YOUR INSTRUCTIONS:
Exactly the lines from the one containing "Hamp reb lys" through the one containing "Stainless Steel Anklets" in the listing below are to be copied, with the pictures left out.

TASK MATERIAL:
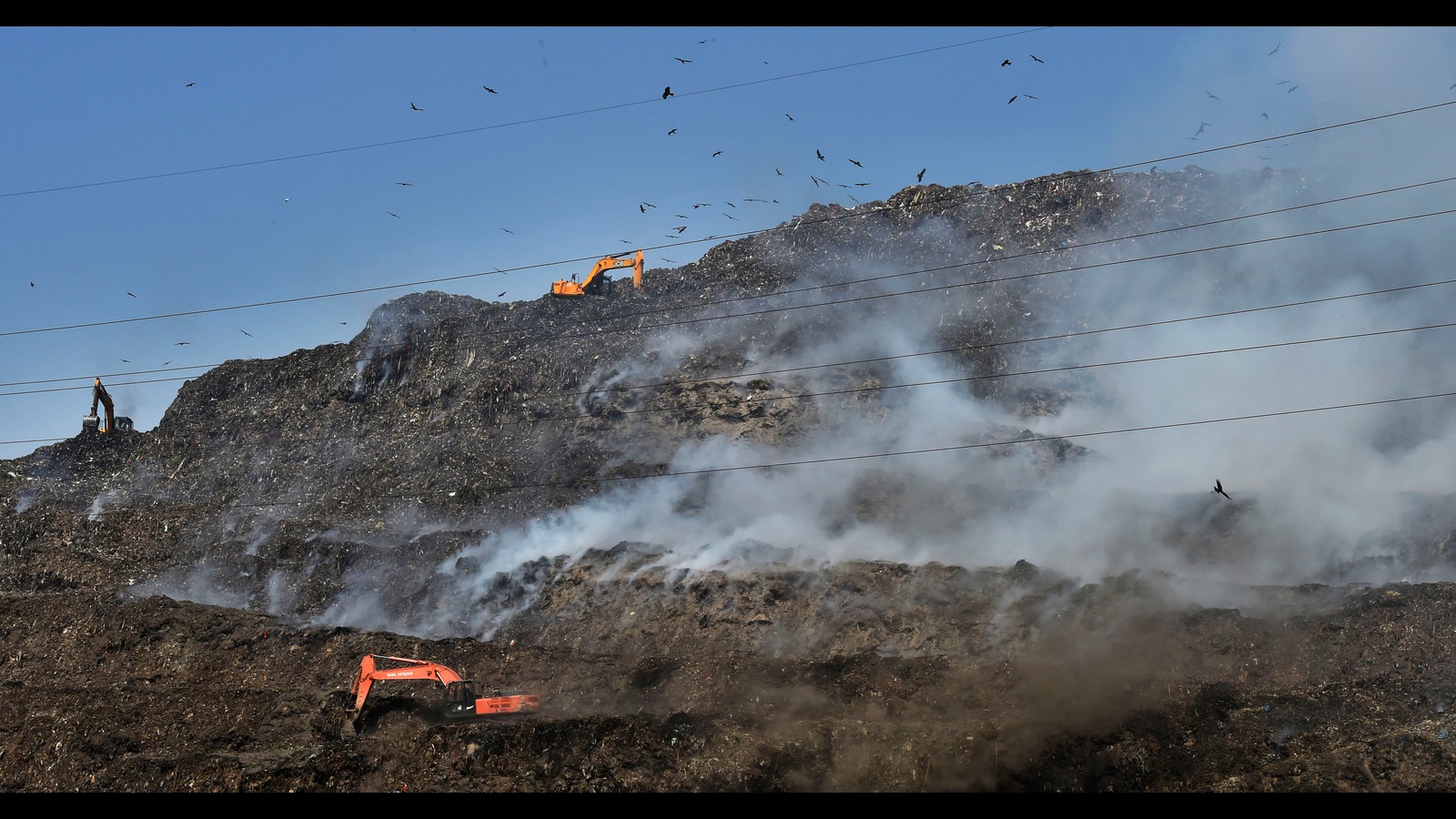 Ghazipur landfill fire: Small fires common sight, locals claim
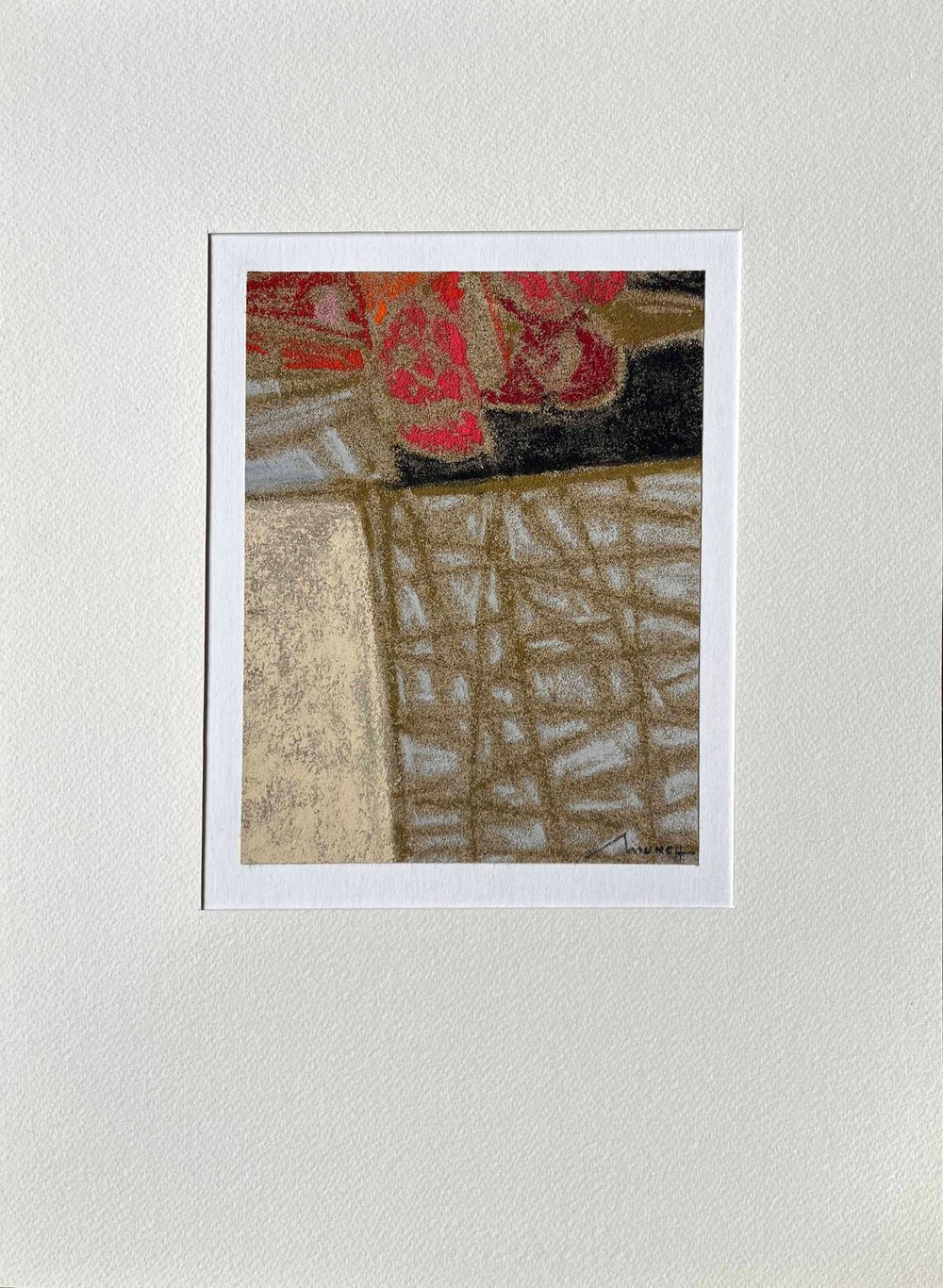 Hier - 1 pastel et 7 gravures signés 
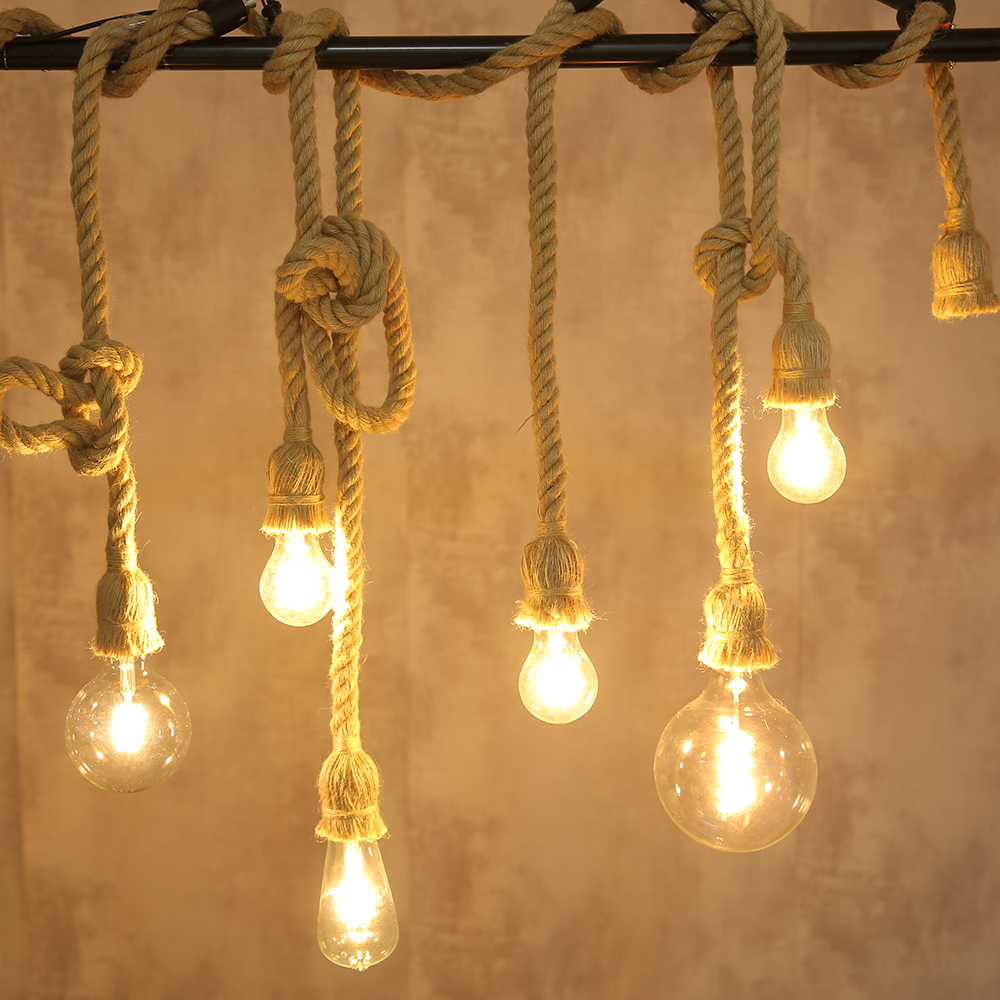 Hamp reb lys vintage landskab pendel lampe stue køkken hænge lampe belysning boligindretning pendel lamper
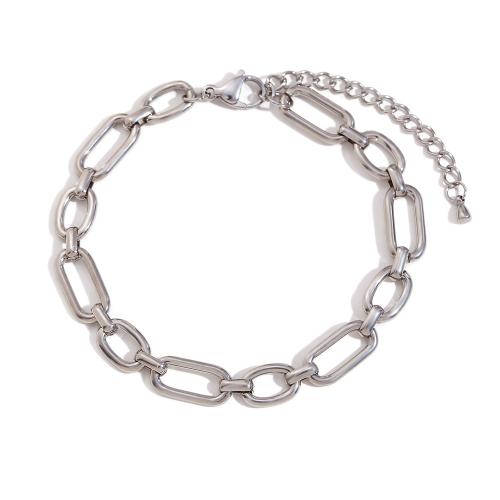 Stainless Steel Anklets Jewelry, 304 Stainless Steel, with 5cm extender chain, plated, fashion jewelry cm 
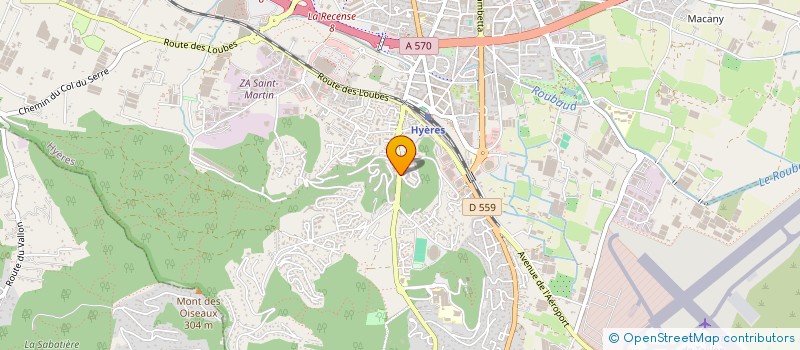 localisation de l'entreprise MONSIEUR GUILLAUME PARFONRY  HYERES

PROBLEM SOLUTION:
 Hamp reb lys vintage landskab pendel lampe stue køkken hænge lampe belysning boligindretning pendel lamper
 Stainless Steel Anklets Jewelry, 304 Stainless Steel, with 5cm extender chain, plated, fashion jewelry cm 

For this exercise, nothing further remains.